America: A Society in Crisis

If one visualizes the establishment of the first (small) society, as Enlightenment thinkers did (circa 1690-1800), one must suspect that it was founded on the mutual agreement of—a social contract amongthe first members. It seems unlikely that it could not have lasted very long if any society had been fashioned on disagreement. Given that agreement was at the foundation of the community, the only thing that could break the club apart would be the introduction of disagreers into its midst.

Of course, disagreers might have been expected to come from outside the society, if only because they could not have been party to the agreement in the social contract. But disagreers might also have been expected to come from inside the society if the children of the members needed to be schooled in the necessity to continue the agreement made by their parent, guardian, and ancestors. Such “schooling” arose at first within every family’s lodgings (and duties). As the generation succeeded generation, the survival of society depended upon the effectiveness of family schooling. Successful schooling and transmission of social commitment to the agreement eventually led to establishing a culture with rules, laws, and (sometimes) a constitution.

Anyway, somewhere along the line, in many (if not all) growing societies, these two types of problems arose.
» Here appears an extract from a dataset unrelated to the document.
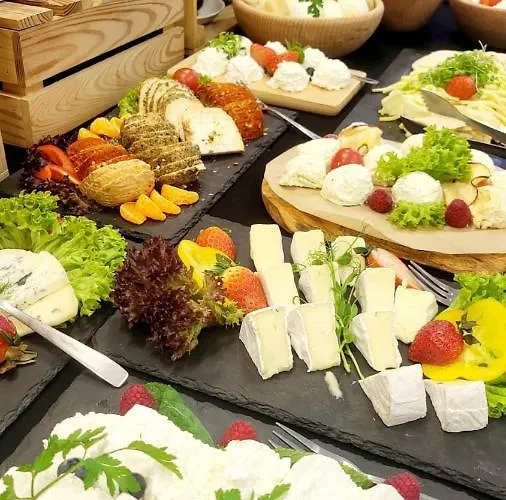 Pod Jedlami Hotel Visla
External problems arose as people from outside the club occasionally attempted (usually by engaging in armed conflict) to take over the community and impose a new and different agreement system. Thus, the threat of external attack by disagreers–aka enemies–made it necessary to devise an externally oriented (military) self-defense force.
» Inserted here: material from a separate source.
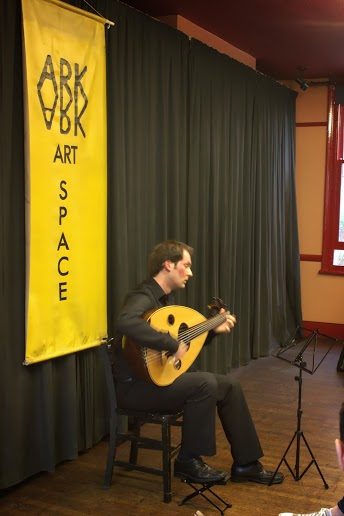 Oud class in London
(2) Internal problems arose, as people (parents) on the inside, for whatever reason, failed to properly school their children properly, opening the way for the rise of rebellious disagreers in the midst the society, who would attempt (usually by engaging in law-breaking behaviors) to take action against one or more (law-abiding) members of the community. The threat of internal attack by disagreers—a.k.a. criminals—made it necessary to devise an internally oriented (police) self-defense force. The problem faced by every society has been what to do with disagreers, especially with those who were actually citizens by birth but technically non-citizens by disagreement—non-citizens by rebellious choice–against the very social contract in which they had been nourished to adulthood.
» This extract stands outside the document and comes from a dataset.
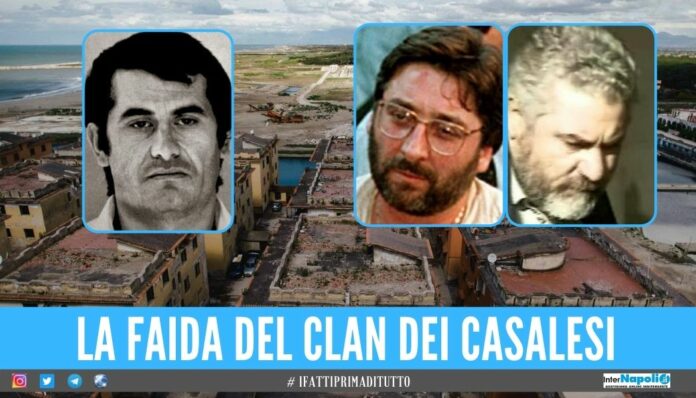 Omicidio al Villaggio Coppola contro il gruppo di Bardellino, arrestato il killer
For thousands of years, the accepted way to deal with external enemies was to defeat them on the field of battle, and the accepted way to deal with internal criminals was to capture and punish them with lashing, torture, incarceration, exile, and execution.

But, today, we style ourselves as having reached Kantian (enlightened) maturity, no longer (completely) accepting such methods, if only because we think those methods are inhumane. Furthermore, our (U.S.) system of government not only permits disagreement, it has come to encourage it. It has created a (tacitly legal, at least) second category of citizen disagreers who are not considered criminals.

This second category of citizens who disagree with the social contract has a variety of euphemistic labels: progressives, liberals, mainstream media, change agents, innovators, visionaries, special interest groups, etc. Hence society is destined to be in constant turmoil as waves of new children (encouraged to question authority and to think there isn’t even supposed to be a box) rush onto the agreement stage with ideas of how to change it from whatever it was before, even if it’s for no good reason at all.

Drug users and the drug industry want drugs legalized the same way alcohol was because there is a market for getting stoned. Thieves want robbery legalized because they are poor. Criminals wish to have prisons abolished because they are oppressed. Illegal immigrants want citizenship rights even if they are not citizens. Even if they displace American jobs, businesses want to have international business ties for labor. Snoops wish to increase surveillance capabilities and rights with less hostility from privacy advocates because they think they can save the nation. Technologists wish to have more customers with less work. Governments want more power with less disclosure. Employers wish to lower wages for more work. Employees expect to pay higher wages for less work. Bullies don’t like bullying criminalized. Stock brokers want insider trading legalized. Women’s liberation leaders want to end the biological definition of womanhood and erase it from social memory. The salacious want sexting legalized, just like “adult” literature.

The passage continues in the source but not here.